わかりやすい漢方講座(その22)~冬は「腎」の季節

 「ついに」というか「やっと」というか、冬らしくなってきました。漢方(五行説)では、冬という季節は五臓六腑の「腎」にあたり、「腎」に関する症状が顕在化しやすいとされています。(ここでお断りしておきますが、漢方でいう「腎」と西洋医学的な腎臓とは、違います。

 漢方では「腎は生命の根源」ともいわれ、
・成長に関する問題
・不妊症など生殖に関する問題
・老化現象全般
などに深く関わっていますが、そんなに難しい病気でなくても中年以降の方にとっては老化現象=「腎」の衰え(「腎虚(じんきょ)」)ですので、中国では「腎」のパワーを維持するために補腎薬(ほじんやく)と呼ばれる処方を飲むことが老化防止(アンチエイジング)につながるという概念が一般の人々の間に浸透しています。

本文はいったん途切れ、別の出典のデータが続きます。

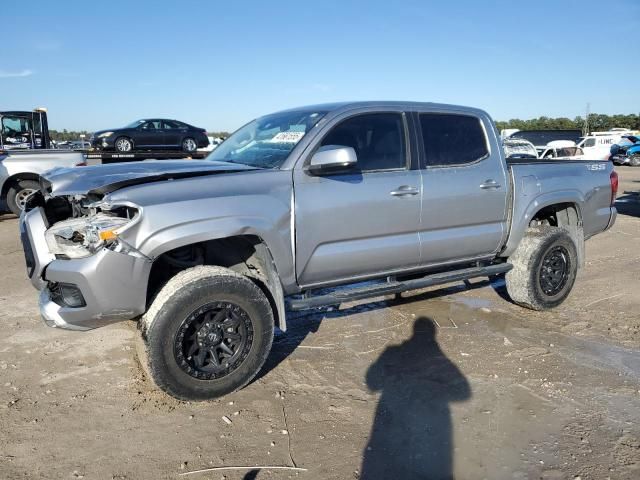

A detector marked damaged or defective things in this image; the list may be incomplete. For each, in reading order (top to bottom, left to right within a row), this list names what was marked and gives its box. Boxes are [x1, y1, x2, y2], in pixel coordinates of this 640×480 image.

cracked headlight housing [46, 214, 135, 258]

 では、冬場に顕在化しやすい「腎」の衰えのサインとはどういうものかというと、
・腰や膝の痛みやだるさ
・頻尿や尿の切れが悪い

などで、漢方的には腎虚のサインです。

 そういった症状が発生してきたら、補腎薬と呼ばれる処方を服用されることをお勧めいたしますが、そういった処方を服用することは腰痛や頻尿だけに効くのではなく、全身的なアンチエイジング効果が期待できると言うことです(中国では、女性は30歳を過ぎると、お肌の老化予防など美容目的で補腎薬を飲むというのが常識になっています)。

 新薬的な発想だと、「尿のキレが悪い→薬を飲んでマシになった→薬を止める」というパターンになりますが、漢方では「尿のキレが悪い→補腎薬でマシになった→補腎薬を続けることで全身的な老化予防につながる」という事です。

 ただし、補腎薬という名前の処方があるわけではなくて、補腎薬というのはあくまで漢方処方の中の一つのカテゴリーであって、その方の体質などに応じて様々な処方が使い分けられます。また、そういった処方を選ぶときは、ご自身で漢方を10年くらい勉強してから選ぶか、そうでなければ漢方の専門家にご相談されることをお勧めいたします。